This post is the continuation of the How the Sawtooth model works. If you haven’t read it, read it before reading this post.
I mentioned in the previous post that the calculation becomes complicated if the lead time is longer than the time between orders. So I have been asked to write a post about it.
When I refer to purchase orders, I will use the abbreviation PO.
How does the Sawthoosth model with a constant time between PO work?
Let’s assume that we want to deal with new purchase orders once a week or once a month.
Why and who uses it?
Let’s look at an example:
Suppose that we buy bubble gums from our American supplier (and we are not located in the U.S.):
Lead time = 45 days
Average monthly consumption = 1,000 units
We can order 1,000 units once a month or 250 units every week.
Advantages of ordering 1,000 units once a month: The logistics of handling only one order (warehouse, custom, ext.) are four times less than handling four orders. Multiply it by 500 SKU and assume the logistics needed for 500 orders a month vs. 2,000 orders a month.
Advantages of ordering every week:
Less average stock – The amount of stock moves from 0+ to 250+ and not from 0+ to 1000+ (the plus sign represents the safety stock).

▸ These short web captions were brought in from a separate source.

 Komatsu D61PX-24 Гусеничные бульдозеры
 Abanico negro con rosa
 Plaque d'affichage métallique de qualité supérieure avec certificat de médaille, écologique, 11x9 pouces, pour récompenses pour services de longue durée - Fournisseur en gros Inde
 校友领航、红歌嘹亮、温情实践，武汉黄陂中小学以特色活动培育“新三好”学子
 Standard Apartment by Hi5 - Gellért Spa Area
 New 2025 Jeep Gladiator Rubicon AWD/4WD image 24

Advantages of less stock – less warehouse space needed, fewer (financial and insurance) inventory costs, less expired stock.
Faster and more flexible response to actual consumption of stock – When we build a PO for 30-45 days ahead, we have to assume the consumption for a long period of time. When we create a weekly PO, we can adjust it to actual consumption. If we have an increase in consumption, we increase the weekly PO. If we have a decrease in consumption, we can order less or skip a week. This method is usually much better for dealing with unstable consumption.

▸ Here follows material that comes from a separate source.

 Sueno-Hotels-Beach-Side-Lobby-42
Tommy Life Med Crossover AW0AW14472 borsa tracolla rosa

New product version – If we made a change to our product, such as putting more mint in every bubble gum, the consumption of mint might change, and we can respond to it better when working with weekly POs.
How does the model work?
- We assume that there is something constant, such as the time between POs, which can be a month, a week or two, or even a day.
- We use inventory days for the calculations, and then we change them back to values (as I explained in the previous post).
Reorder point – this is constant (week, month….)
Target max stock – lead time + safety stock
Current stock – current stock in inventory days
Open PO – The amount of stock we previously ordered and did not receive yet
Order quantity = Target max stock – Current stock – Open PO
Example:
(you can download the excel file at the end of the example)
We want to buy cocoa beans from our African supplier:
Lead time = 45 days
Safety stock = 7 days
Time between orders = 10 days (we will build a new PO every 10 days if necessary)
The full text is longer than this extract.